Judging others and being afraid to be judged by others seems to be somewhat natural, right?
But it’s not totally clear why we are prone to judging others…until now.
A Harvard psychologist, Amy Cuddy, an expert in first impressions, after researching the split-second reaction we have to others, has clarified the phenomenon.
Cuddy points out that what seems to be a split-second judgement of someone is actually you asking yourself two things:
Can I trust this person?
This question is deeply based on survival. If we don’t feel we can trust someone, we instinctively feel the need to protect ourselves and our interests. We respond to the warmth of a person, their openness and authenticity. The more of this we feel, the more likely we are to trust a person straight away.
When we don’t feel these things or feel that someone is hiding something, we are quick to judge them as a protective instinct. This may be protecting ourselves or others we care about.
Should I respect this person?
This question revolves around how competent we deem a person to be. This comes from the qualifications or specific expertise and experience. If they have a solid reputation, we may have answered this question before we’ve even met them. This question, however, only has secondary importance because our first and more important instinct is survival.
If we have answered yes to both questions, it’s likely we will judge an individual positively. If there is any doubt in either of these answers, we will likely be more judgmental about unrelated traits in order to distance ourselves.
There are many ways in which we are guilty of judging others, however, not just on first impressions.
Judging others on Appearance
We form beliefs based on the repetition of certain stimuli. This means that there are a number of factors which influence how and why we judge people on their appearance. The media is a huge contributor to this.
We are lead to believe that arrogant or untrustworthy people look a certain way. Those who play evil roles in television and films always seem to have similar traits and usually aren’t portrayed as particularly handsome. This has created stereotypes in that we deem beautiful people to be more trustworthy and, therefore, valuable.
This also has an opposite effect along the same way in that we deem those who spend too much time on their appearance to be fake and superficial. We feel as though these people are hiding something or that they don’t want to be who they really are.

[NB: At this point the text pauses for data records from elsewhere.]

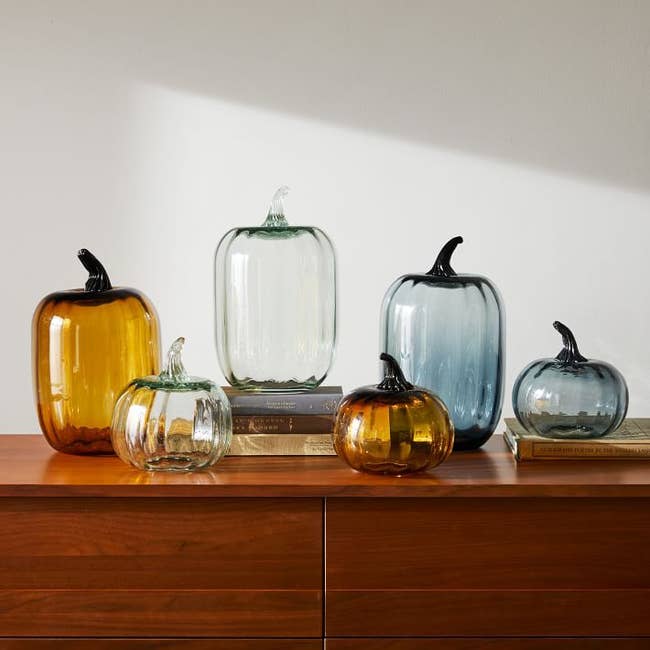 several glass pumpkins in varying shapes and sizes on a table 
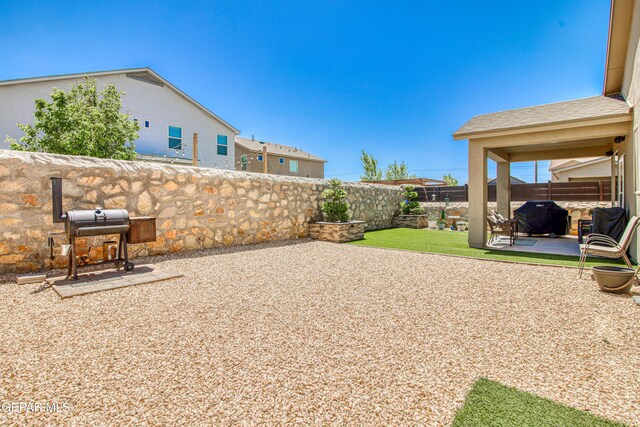 view of yard featuring a fenced backyard and a patio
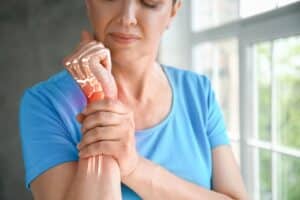 Woman holding her wrist in pain needing cortisone injections for relief in East Setauket, NY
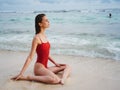 A young woman in a red swimsuit sits on the sand with a beautiful sun tan and looks out at the ocean in the tropics on Royalty Free Stock Photo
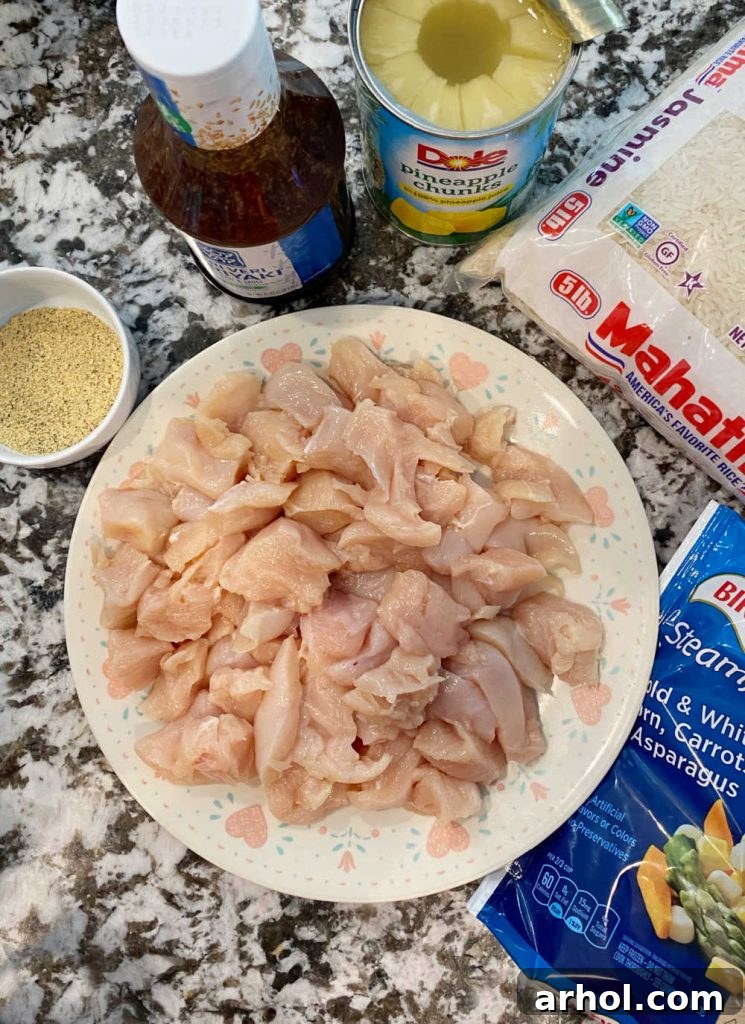 Assortment of fresh ingredients for Instant Pot Teriyaki Chicken and Rice bowls laid out on a table, including chicken, rice, vegetables, and sauce.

This sparks anxiety within us because we feel they are disingenuous or untrustworthy. This, however, also makes it difficult to make ourselves more beautiful if we do not feel as though we are attractive.
It would seem that to be truly trustworthy and valuable, we must be naturally beautiful.
Judging others on Sociability
We also tend to judge people based on how social they are and how they treat others. This is something which comes through time and experience as opposed to an initial judgement but is important nonetheless.
When we see people being kind and respectful of others, we tend to trust them more ourselves. However, when we notice manipulative and spiteful behaviour, again, we quickly protect ourselves by behaving judgmentally.
The difficulty with this is, there may be times when we judge someone who is shy or introverted as being unsociable and untrustworthy. We may not know them well enough to see how trustworthy they actually are. This leaves us open to incorrect judgements and being judgmental about people who truly don’t deserve it.
Judging others on Morality
One of the most important, and influential, judgements we make about others is on their morals. We tend to keep track of the poor moral judgements people make and can hold these for longer than necessary.
The saying that it is easier to lose trust than gain it holds true here. A person may have a bad reputation for years even though they have done plenty to try to rectify the situation.
Don’t judge a book by its cover
Judging others is a natural instinct, and we are all a little judgmental at times. For the most part, we are doing so for survival. We want to surround ourselves with people whom we can trust because it makes us feel safe and secure. We push away those we deem untrustworthy because we fear they may harm us.
However, we cannot let our judgements control us. It is easy to misconstrue information and deem someone as less trustworthy than they really are. To really get to know someone, we have to give them a fair chance and get to know someone before we decide. We may find that their personality only comes out once they reach a certain level of trust in you.
The instincts we have on judging others served us well in our efforts for survival, but we have evolved past the point where survival is life or death. Now, we are protecting emotions and status. We should be careful who we judge and why, as we may not be judging the wrong people for the wrong reasons.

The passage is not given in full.